== Records supplied

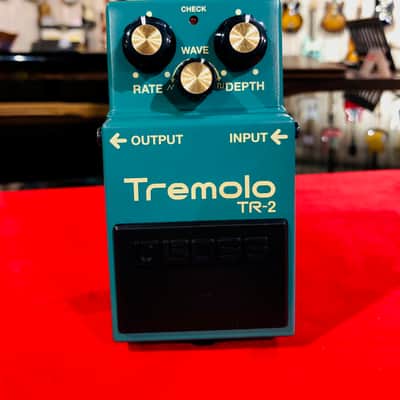 Boss TR-2 Tremolo image 2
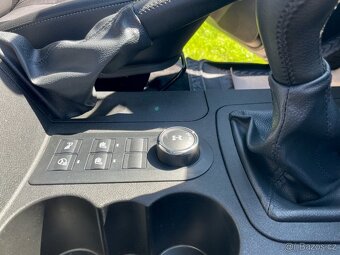 Moderní UAZ pickup - 3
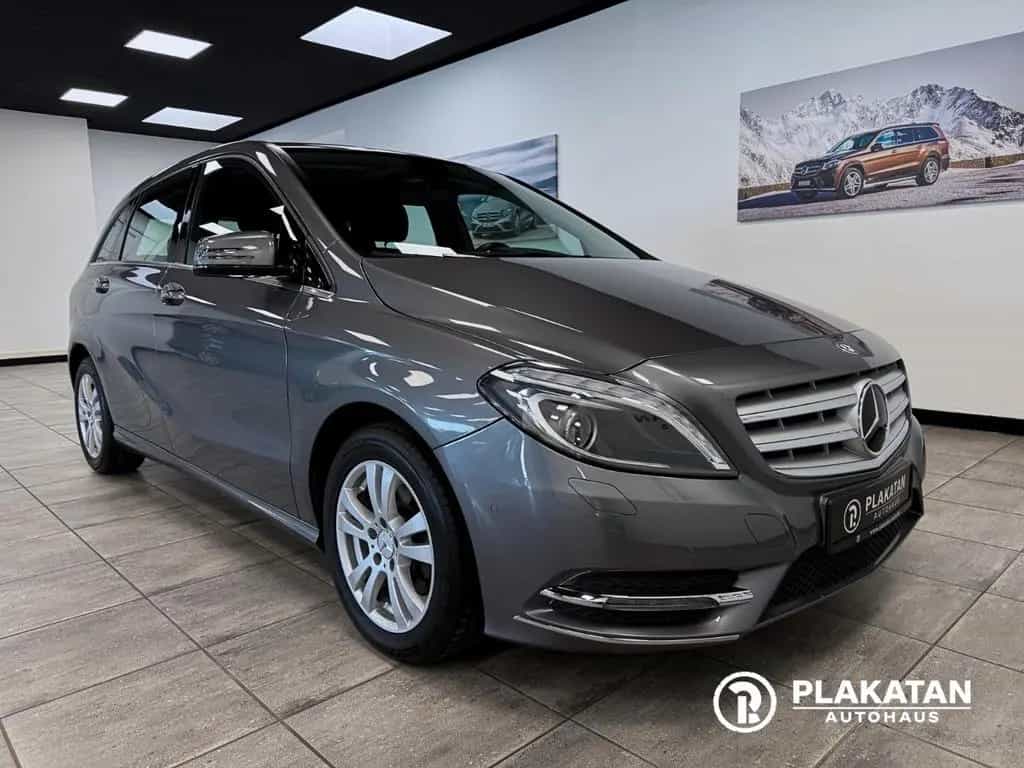 Mercedes-Benz B 200 Navi Bi-Xenon Tempomat 1Hand 11/2012-photo-2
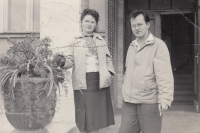 Marie Fejtková a bratr Jiří, fotografie pro tatínka do vězení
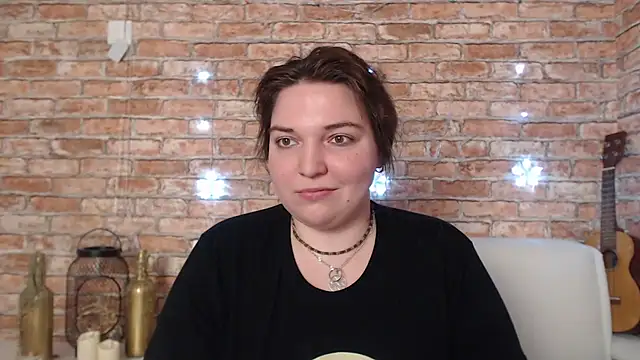 Amelia Kiss  online show from 12-30-24, 03:47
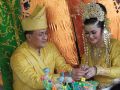 20130830_bella-saphira-menikah-dengan-mayjen-tni-agus-surya-bakti_8760.jpg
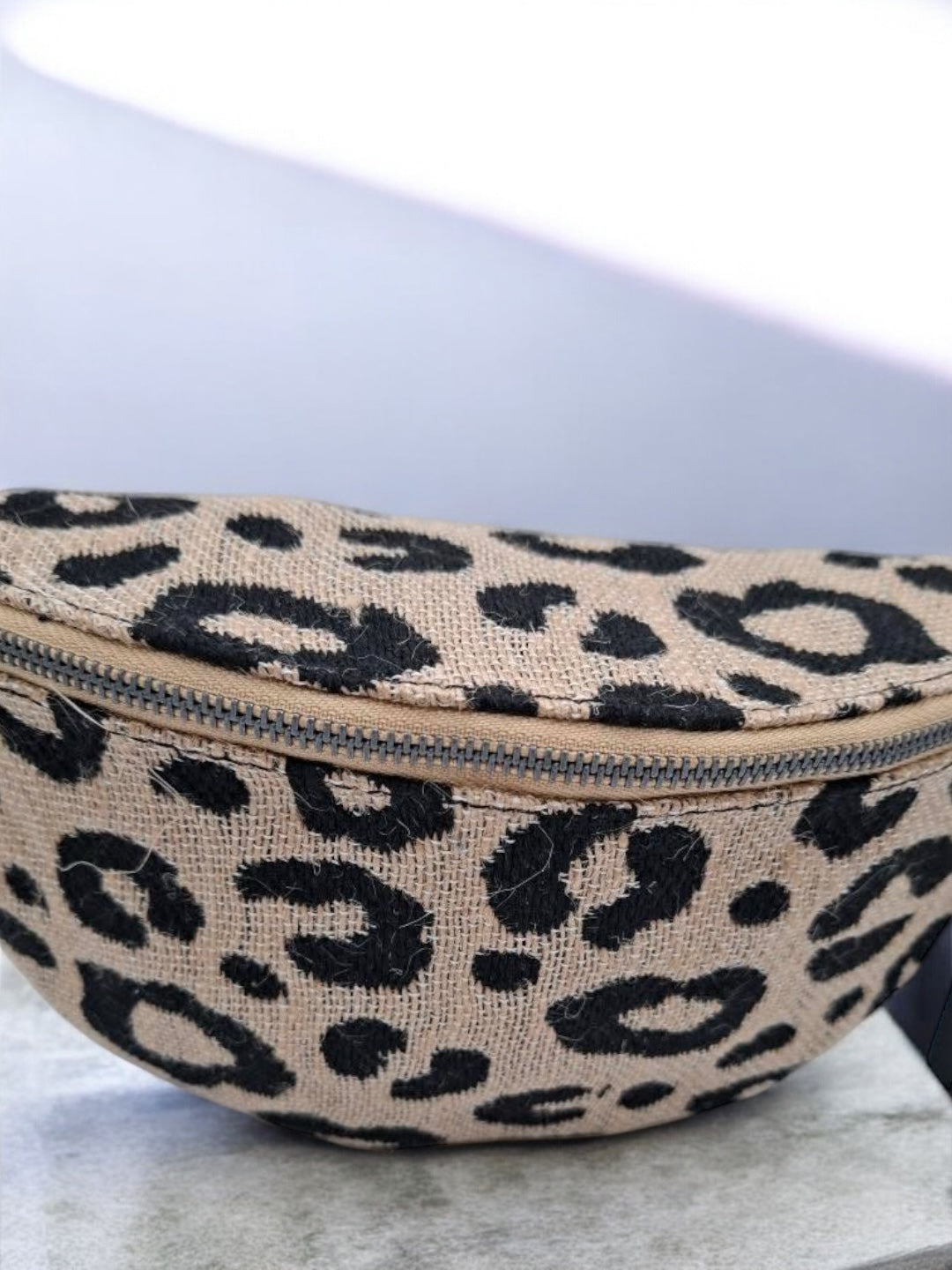 Sac banane une poche en toile de jute léopard noir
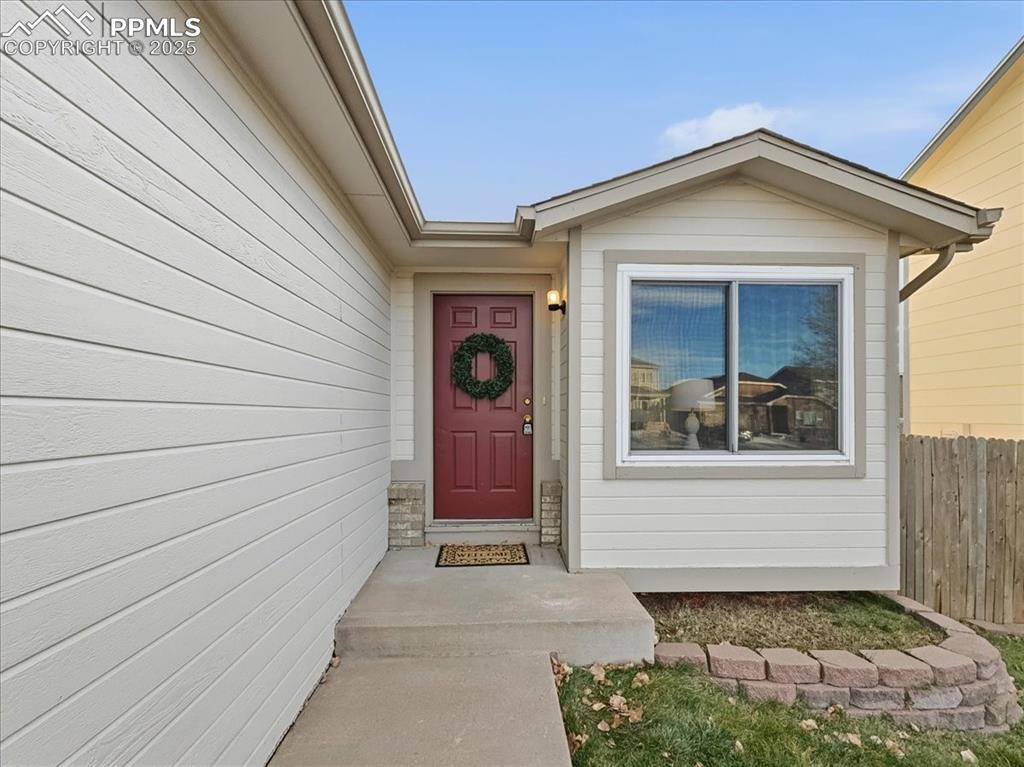 Image 6 of 40: Entry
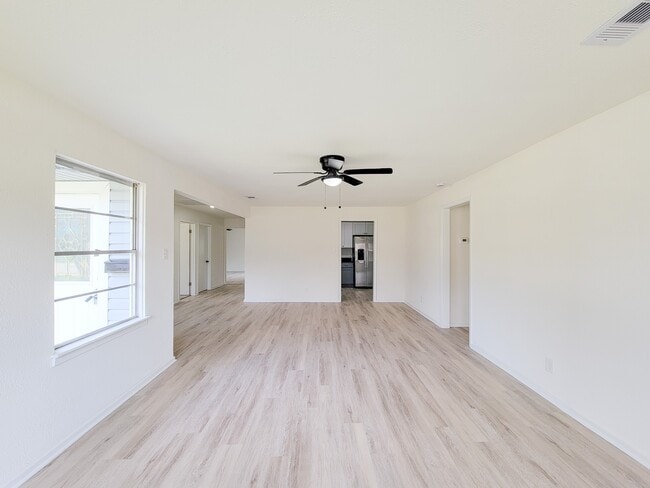 Building Photo - 301 Cypress St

====

## [Exercise details]
The entries above need to be output again in full, exactly, and without pictures.

## [Worked solution]
 Boss TR-2 Tremolo image 2
 Moderní UAZ pickup - 3
 Mercedes-Benz B 200 Navi Bi-Xenon Tempomat 1Hand 11/2012-photo-2
 Marie Fejtková a bratr Jiří, fotografie pro tatínka do vězení
 Amelia Kiss  online show from 12-30-24, 03:47
 20130830_bella-saphira-menikah-dengan-mayjen-tni-agus-surya-bakti_8760.jpg
 Sac banane une poche en toile de jute léopard noir
 Image 6 of 40: Entry
 Building Photo - 301 Cypress St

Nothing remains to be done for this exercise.